Nicholas Rhea and Rhoda celebrate their Golden Wedding

Nicholas Rhea and Rhoda celebrate their Golden Wedding

Someone recently asked me about the traditional names of wedding anniversaries in the UK and as my wife and I recently celebrated our golden wedding, Iíve done a bit of research.
Most of us know that a diamond wedding anniversary marks not only 60 years of marriage but also 75 years, whilst a ruby wedding is 40 years, a pearl is 30 and a silver is 25.

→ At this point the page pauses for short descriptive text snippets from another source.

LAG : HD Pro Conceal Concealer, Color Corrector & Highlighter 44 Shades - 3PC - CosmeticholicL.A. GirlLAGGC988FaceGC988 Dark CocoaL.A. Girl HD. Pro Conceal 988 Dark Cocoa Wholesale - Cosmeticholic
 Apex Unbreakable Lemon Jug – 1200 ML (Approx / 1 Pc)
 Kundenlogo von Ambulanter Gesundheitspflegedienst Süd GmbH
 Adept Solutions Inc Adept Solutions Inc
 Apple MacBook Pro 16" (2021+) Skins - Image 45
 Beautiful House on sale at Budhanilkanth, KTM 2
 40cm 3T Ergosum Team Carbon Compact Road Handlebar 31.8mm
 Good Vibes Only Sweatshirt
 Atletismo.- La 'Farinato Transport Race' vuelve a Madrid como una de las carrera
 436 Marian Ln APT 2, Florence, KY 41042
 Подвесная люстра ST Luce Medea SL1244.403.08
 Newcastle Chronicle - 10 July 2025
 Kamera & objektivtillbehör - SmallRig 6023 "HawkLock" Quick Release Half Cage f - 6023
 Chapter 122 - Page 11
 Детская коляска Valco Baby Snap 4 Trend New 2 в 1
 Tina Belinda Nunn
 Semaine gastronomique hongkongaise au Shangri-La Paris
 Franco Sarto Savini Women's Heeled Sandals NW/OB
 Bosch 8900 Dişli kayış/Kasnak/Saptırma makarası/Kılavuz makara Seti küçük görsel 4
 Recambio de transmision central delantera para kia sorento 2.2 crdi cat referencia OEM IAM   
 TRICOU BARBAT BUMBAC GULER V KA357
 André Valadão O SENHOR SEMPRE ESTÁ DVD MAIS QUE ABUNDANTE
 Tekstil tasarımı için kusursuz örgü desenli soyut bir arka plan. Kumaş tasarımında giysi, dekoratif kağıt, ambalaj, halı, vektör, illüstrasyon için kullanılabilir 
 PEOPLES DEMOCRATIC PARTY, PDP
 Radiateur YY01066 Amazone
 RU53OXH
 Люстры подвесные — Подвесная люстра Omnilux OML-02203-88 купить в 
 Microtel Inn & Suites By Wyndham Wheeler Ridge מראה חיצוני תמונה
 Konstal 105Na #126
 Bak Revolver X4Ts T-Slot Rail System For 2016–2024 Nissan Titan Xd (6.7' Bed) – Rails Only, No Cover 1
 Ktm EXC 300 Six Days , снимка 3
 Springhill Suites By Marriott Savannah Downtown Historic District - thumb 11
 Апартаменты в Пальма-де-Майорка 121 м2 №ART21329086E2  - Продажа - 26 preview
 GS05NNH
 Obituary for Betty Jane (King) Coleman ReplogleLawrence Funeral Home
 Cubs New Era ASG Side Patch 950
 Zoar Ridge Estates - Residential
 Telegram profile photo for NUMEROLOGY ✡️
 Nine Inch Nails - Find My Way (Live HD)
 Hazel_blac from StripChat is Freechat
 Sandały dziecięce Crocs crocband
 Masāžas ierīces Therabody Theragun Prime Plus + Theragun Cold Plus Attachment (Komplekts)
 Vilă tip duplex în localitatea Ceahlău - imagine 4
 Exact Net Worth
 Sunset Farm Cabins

The reason for giving them names is perhaps an indicator of the type of gifts one might offer at each major anniversary and, not surprisingly, the British system differs from the American but only very slightly. There is also a modern British version that may be of interest. It seems the reason for the sixtieth anniversary being called diamond arises because originally that designation referred to a seventy-fifth anniversary. However, when Queen Victoria celebrated her sixtieth year on the throne, she described it as her "Diamond Jubilee" and so the name has since been used for other sixtieth anniversaries.
However, this is the traditional British list: first cotton; second paper; third leather; fourth fruit or flowers; fifth wood; sixth iron or sugar candy; seventh wool or copper; eighth bronze or pottery; ninth pottery or willow; tenth tin; eleventh steel; twelfth silk or linen; thirteenth lace; fourteenth ivory; fifteenth crystal; twentieth china; twenty-fifth silver; thirtieth pearl; thirty-fifth coral; fortieth ruby; forty-fifth sapphire; fiftieth gold; fifty-fifth emerald; sixtieth diamond; seventieth platinum and seventy-fifth diamond.
The modernised version is as follows: first clocks; second china; third crystal; fourth appliances; fifth silverware; sixth wood; seventh desk items; eighth lace or linen; ninth leather; tenth diamond; eleventh jewellery; twelfth pearls; thirteenth textiles or furs; fourteenth gold; fifteenth watches; twentieth platinum; twenty-fifth sterling silver; thirtieth diamond; thirty-fifth jade; fortieth ruby; forty-fifth sapphire; fiftieth gold; fifty-fifth emerald; sixtieth diamond, seventieth platinum and seventy-fifth diamond.
The American version is very similar to ours, albeit with a few differences among the earlier anniversaries. For example, the first is paper, the second cotton, the third leather, the fourth linen or silk and those following from that point match ours except for the tenth where both tin and aluminium are noted.
One can receive a message of congratulations from the Queen for a 60th, 65th, 70th or any anniversary after that. How does she remember them all? Well, actually you have to write to Bucking Palace and tell them.
In the United States, one can receive a greeting from the President for a 50th wedding anniversary, or any other anniversary after that, and Roman Catholics may apply for a Papal blessing for special wedding anniversaries such as 25th, 50th, 60th, etc.